No dia 11 deste mês, a Comissão Estadual da Verdade, do Rio, revelou ter descoberto que três militares, um coronel e dois sargentos, foram responsáveis pela bomba caseira. O coronel Fred Perdigão, morto há 20 anos, o sargento Guilherme Rosário (morto no atentado do Riocentro quando uma bomba explodiu acidentalmente em seu colo) e o também sargento Magno Cantarino Mota, ainda vivo e responsável por entregar o envelope com o explosivo à sua mãe, formavam o trio, segundo a comissão.

Todos integravam o CIE (Centro de Informação do Exército). Emocionado, Monteiro falou sobre o fim de uma dor que durou três décadas.

*

Estava assistindo à aula na PUC (Pontífice Universidade Católica) quando dois colegas vieram me dar a notícia. A primeira reação foi seguir para o centro da cidade.

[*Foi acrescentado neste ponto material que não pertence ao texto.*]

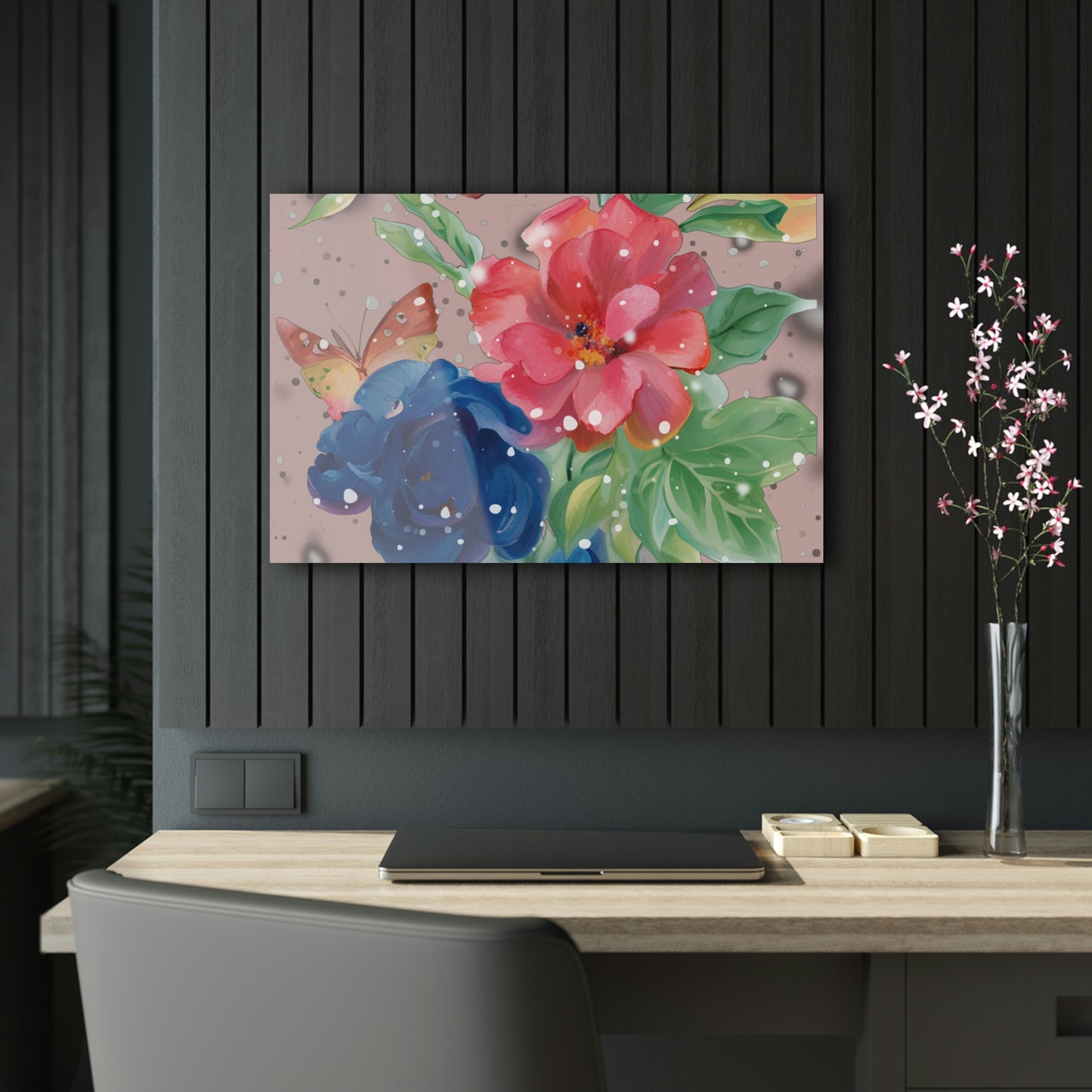 Flower Acrylic Prints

A partir daí, sofri pelo descaso do Estado brasileiro. Primeiro, o governo fechou os olhos para a investigação. Impediu que chegássemos aos responsáveis.

Depois, decidiu não apurar o caso. Foi a vez da omissão. E aí, eu senti o que toda a vítima de impunidade sente: um desejo latente de se fazer justiça com as próprias mãos.

É uma coisa muito doida. Você desconfia de alguém, você até sabe quem é e não pode fazer nada.

Foi nesta época que entendi que certos acordos jamais podem ser feitos. Por que após o atentado que matou minha mãe parte da oposição política se calou. Fizeram acordos para não terem problemas nas eleições de 1982.

Mas não desisti. Passei a investigar, a procurar. E isso se voltou contra mim. Passei a ser ameaçado. Isso não me fez parar. Acreditei que um dia chegaria aos responsáveis por aquela barbaridade.

Nestes anos de busca por uma solução, o que começou a surgir com as comissões da Verdade, sempre havia um gosto, uma suspeita de impunidade no ar.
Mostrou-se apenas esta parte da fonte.